A couple of months after resolving the Illinois charge, Beal and two others were arrested in Saunders County after being stopped on U.S. Highway 6.
Things got worse for Beal in January 2011, when a van he was riding in with an Omaha man, Lance Ramer, was pulled over near Barneveld, Wis., holding nearly 170 pounds of marijuana.
Both times, Beal said Monday, he was hauling pot because a medical marijuana buying club he services in New York had almost run out. The club is organized by a group he founded called “Cures Not Wars.”
A longtime friend, Dennis Brennan, said Beal began handing out marijuana free to AIDs patients in the early '80s in New York and has prided himself on obtaining low-cost, high-grade cannabis for people who couldn't afford it otherwise.
Brennan, who suffers from hepatitis C, said marijuana helps him and those with AIDS recover their appetite.
“Dana's been an amazing man,” he said. “He's trying to save this world through herbal medication. He's not a man about profit.”
A representative of the Marijuana Project, a national group that advocates for the legalization of marijuana, said Beal is known for his risky rides for pot.
“It's really unfortunate that he's facing long-term prison time just because he's trying to help sick people in his own jurisdiction,” said the representative, Morgan Fox.
Beal said he has been involved in obtaining marijuana for medical purposes since the early '90s.
“I've lost my edge, and I'm too sick,” he said. “I wouldn't have got caught when I was 40.”
Beal hopes the Saunders County judge will consider his bad health as a mitigating factor. His heart stopped during his heart attack last September, as he was about to begin his Wisconsin prison term. He had a heart stent installed in February after a second, milder heart attack.
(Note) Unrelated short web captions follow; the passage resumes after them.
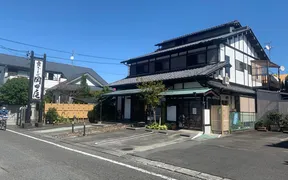 霧下そば 岡田屋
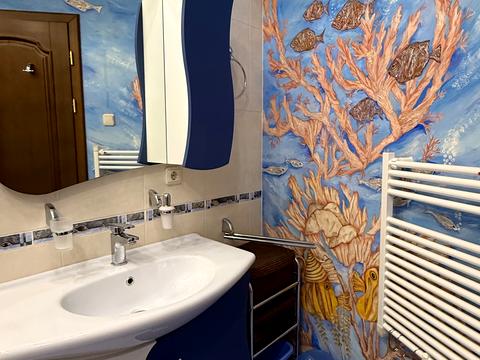 Квартира на вул. Старонаводницька, 13 в Києві, ID 218567, фото №45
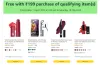 Sugar Cosmetic : Get a free sunscreen serum of ₹535 on shopping of ₹199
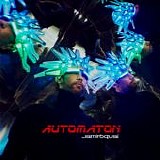Jamiroquai - Automaton (Limited Edition)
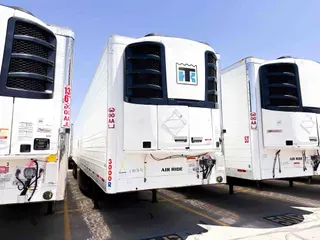 2018 UTILITY VS2RA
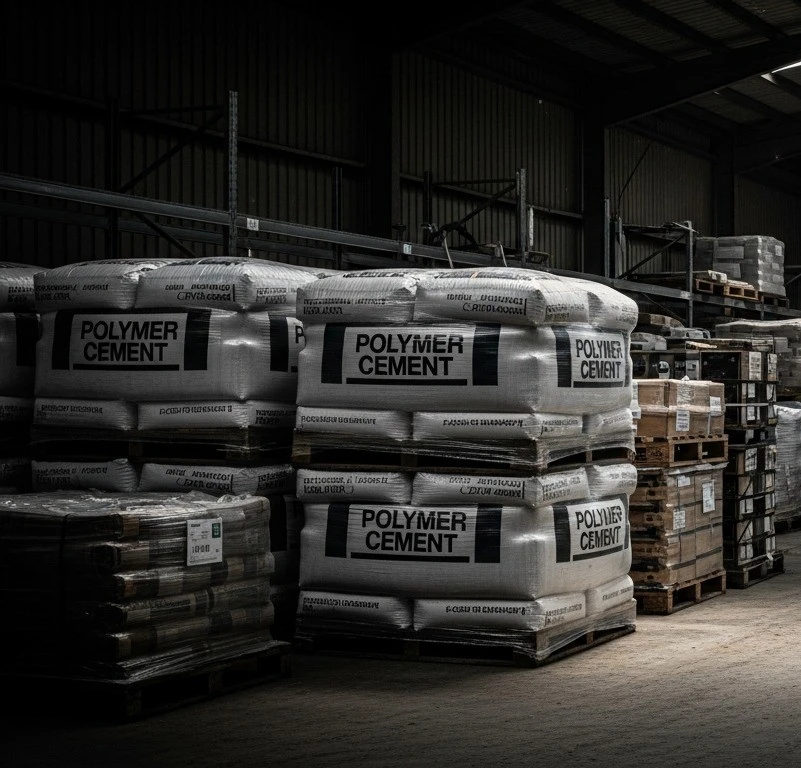 Polymer Cement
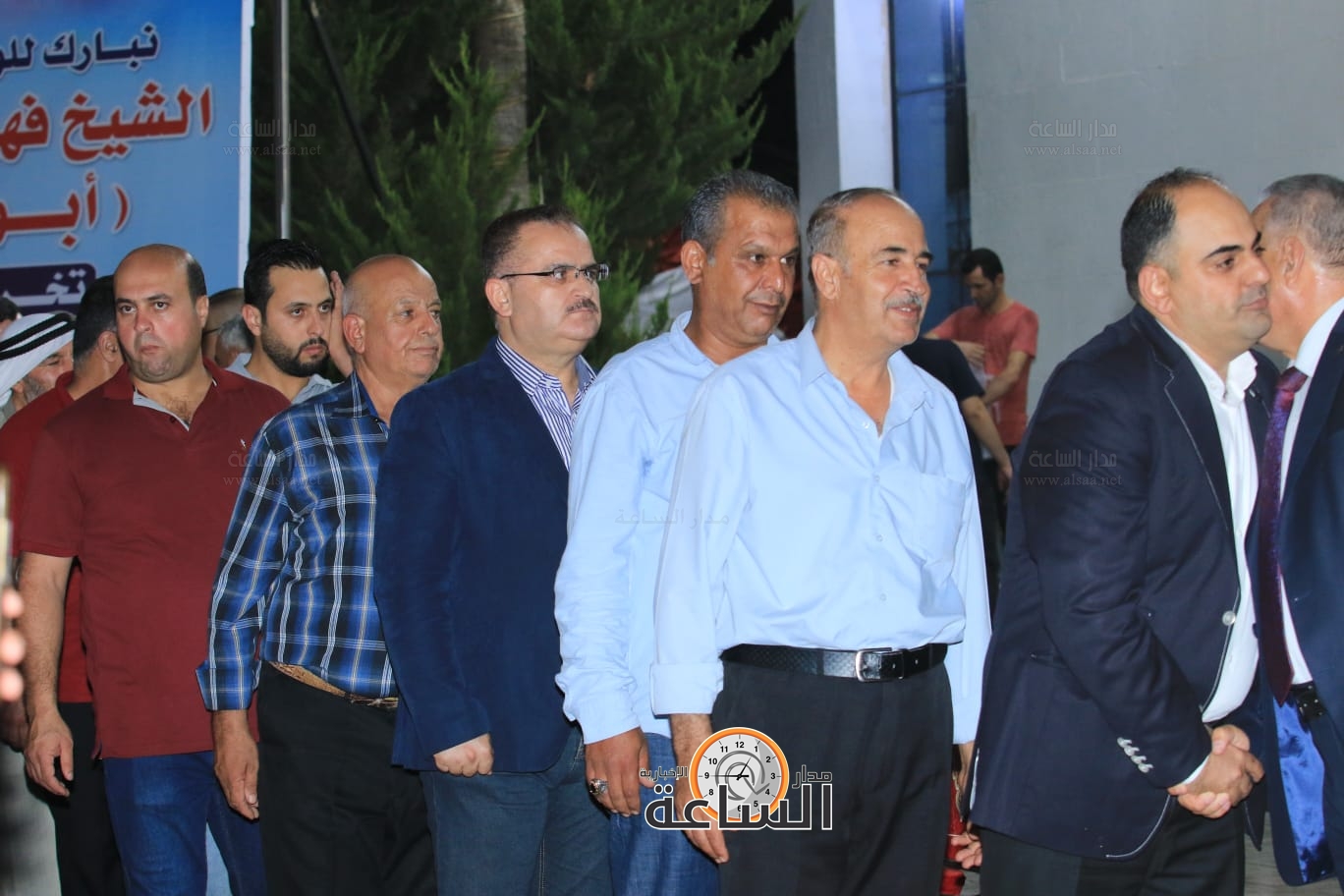 Madar Al-Saa Images 0.5062678206931762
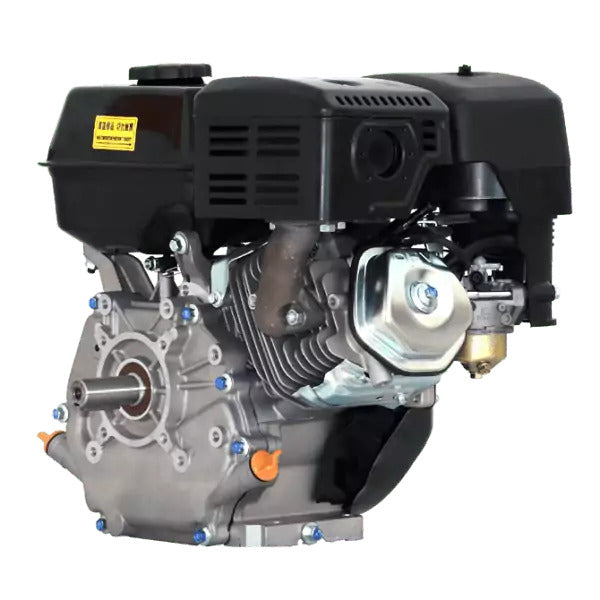Loncin G270F Engine, 9.0HP, 1" (25.4mm) Shaft, Manual Start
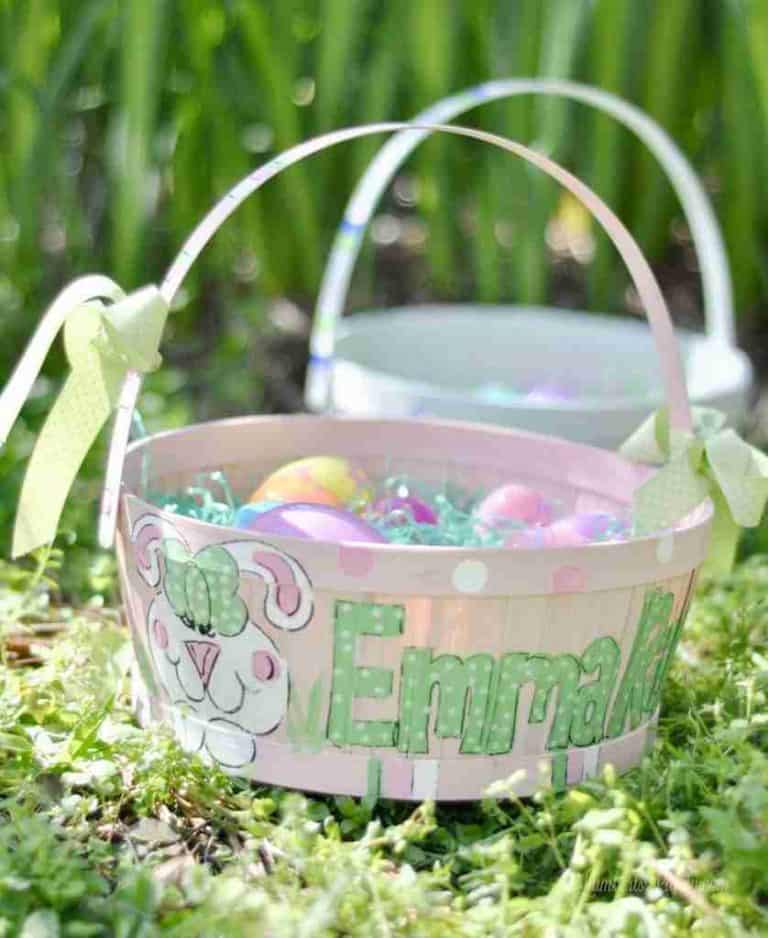 101 Easter Basket Stuffer Ideas for Kids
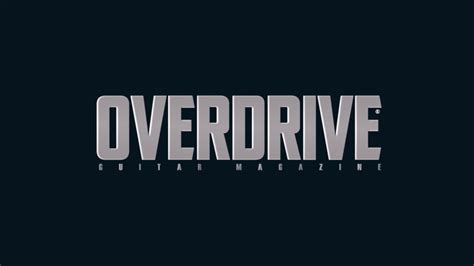 Overdrive Logo 10 Free Cliparts Download Images On Clipground 2021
Taxpayers won't want to pay for more hospital bills, he said.
He offered to help Nebraska addicts get ibogaine treatments if he is sentenced to a few months of prison, concurrent with the remainder of his sentence in Wisconsin, which could extend into next April.
Both his attorney and the prosecutor said they've never seen a marijuana case in Nebraska in which the defense seeks to convince a jury that the trafficker had a good reason to break the law.
If the judge allows the lesser-evil testimony, the case would provide a platform for testimony about the virtues of marijuana as a medicine. That remains a controversial subject, even though 17 states and the District of Columbia have legalized pot for medical purposes. (Nebraska and Iowa are not among the states.)
As he sat on a plastic chair in a jail interview room, Beal said he has learned his lesson. He's too old and sick to haul marijuana again, he said, and wants to spend his waning years proving that ibogaine is an effective treatment for addiction, not wasting away in prison.
“What kind of a drug runner comes up with a cure for drug addiction?” Beal asked.